Tridhara presents the 8th Guru Debaprasad Award Festival
- Nita Vidyarthi
Photos courtesy: Tridhara
November 26, 2014
The annual Guru Debaprasad Award Festival (26th-28th Oct) at the Rabindra Mandap, Bhubaneswar, was inaugurated by Ashok Kumar Panda, Minister of Tourism and Culture, Government of Odisha. In its 8th year, the award to the top dancers of the country for their significant contribution to dance, was instilled in the memory of his guru by Guru Gajendra Panda, the devout and worthy disciple of the legendary Guru Debaprasad Das who is the pioneer in introducing “Sabdaswara pata” in the classical Odissi repertoire. Panda religiously propagates his guru’s ‘tridhara’ style which emphasizes equally on the incorporation of tribal, folk and classical streams into the dance form through his guru’s institution Tridhara.
This year the award went to Bijayalaxmi Mohanty (Odissi), Jayant Kastuar (Kathak), Jatin Goswami (Sattriya) and actress-dancer Manju Barggavee (Kuchipudi).On this occasion the Hindi version of the book “Chausathi Yogini” (64 Yoginis) by the late Suresh Kumar Balabantaray was released in the presence of his wife, the day being the 60th birth anniversary of the author.
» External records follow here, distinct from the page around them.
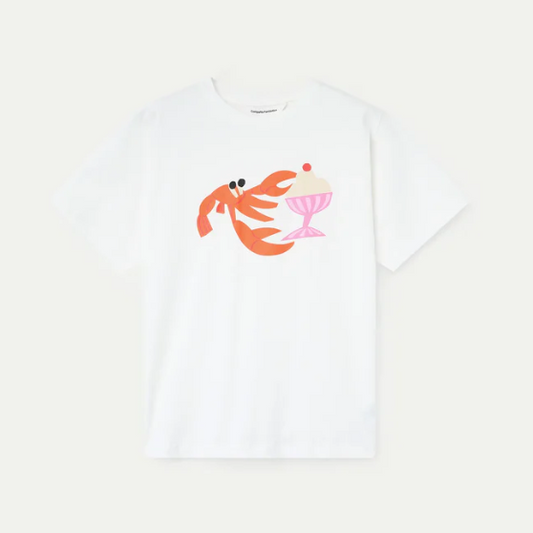 T-shirt Femme Blanc Compania Fantastica 62c/42110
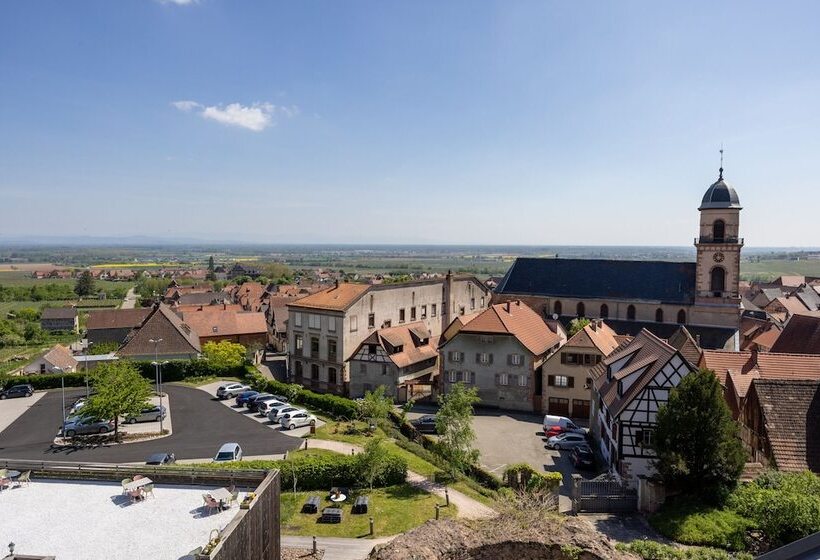 Отель Hôtel Valvignes Colmar Hautkoenigsbourg,the Originals Relais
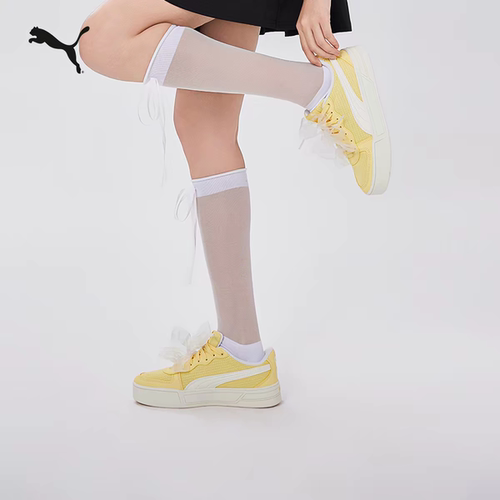 厚底鞋|透气增高板鞋女款PUMA彪马新款夏季休闲鞋SKYE 409928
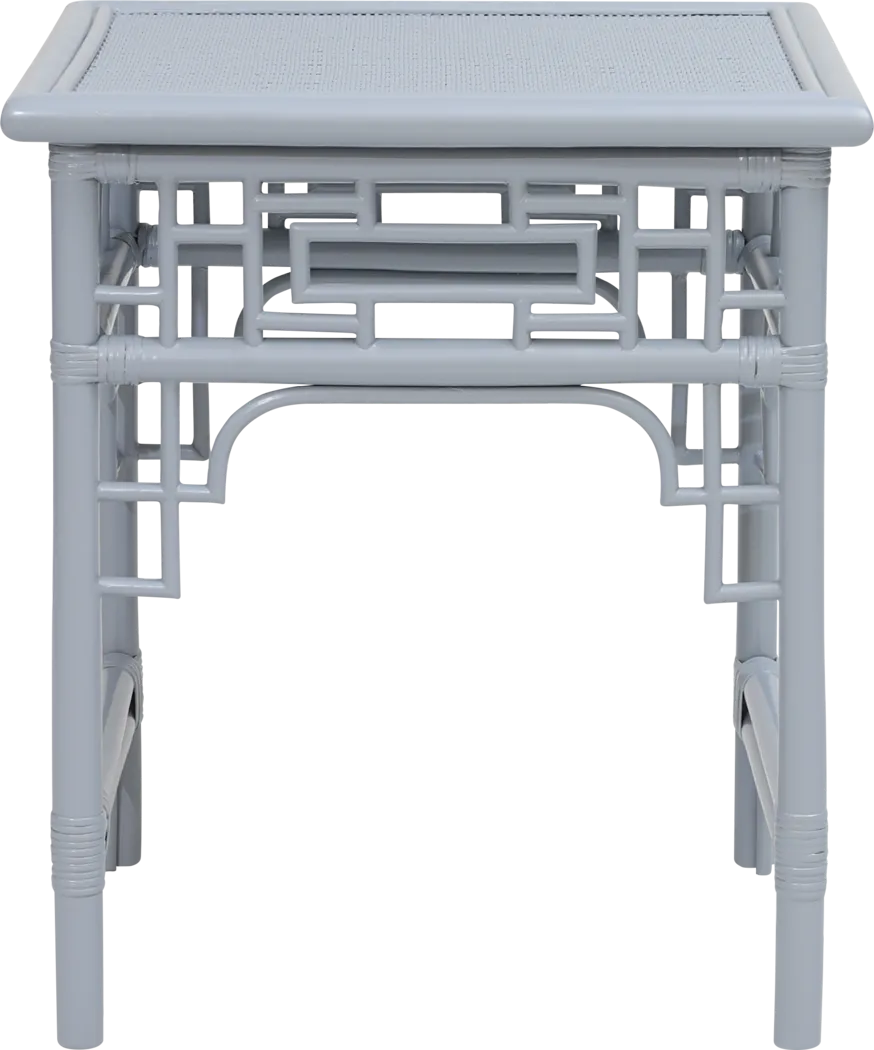 Dickerson Blue Chairside Table - Thumbnail - Image 2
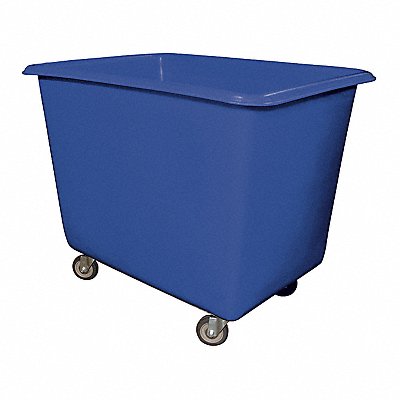 Cube Truck HDPE Blue 20.0 cu ft.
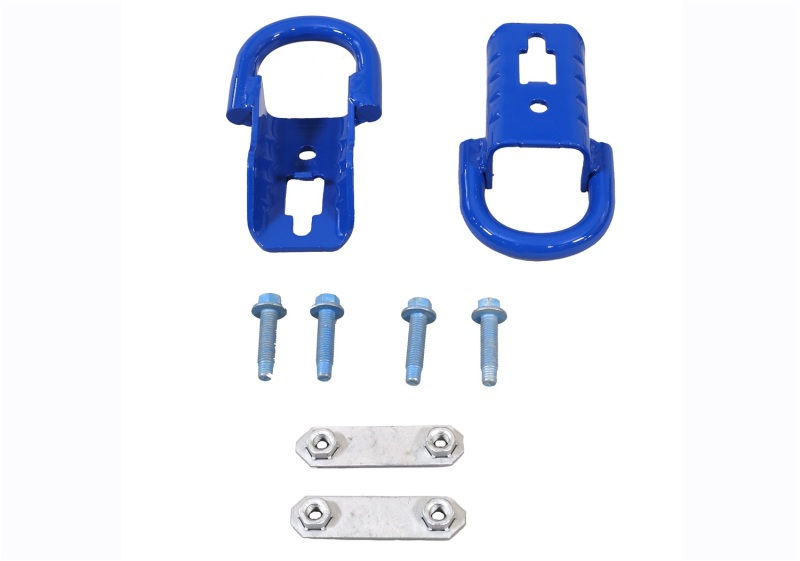 Ford Racing 15-22 F-150 Tow Hooks - Blue (Pair) - M-18954-F15B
The inaugural evening saw a short Odissi recital by Bijayalaxmi Mohanty who was lost in oblivion for the past 20 odd years after performing the world over. Once a promising and brilliant dancer and the first girl to perform ‘Bandha nritya’ at the age of 4, she comes back to stage after 15 years at the special request of Gajendra Panda. A bit nervous, Bijayalaxmi began with a slow mangalacharan “Ganesh Vandana” embellished with “sabdaswara pata” followed by the abhinaya “Heiti ma keyeti kunja kutirey” penned by Kavi Gopal Krushna set to raga Mukhari with a compelling portrayal of vatsalya rasa. In the ashtapadi “Yahi Madhava” she almost brought back her old magical spell of abhinaya with fine musical support by Guru Dhaneswar Swain on the ukuta, Gajendra Panda on the manjira, Agnimitra Behera on the violin, Swapneswar Chakravarty on the sitar and vocal support by Binod Bihari Patnaik.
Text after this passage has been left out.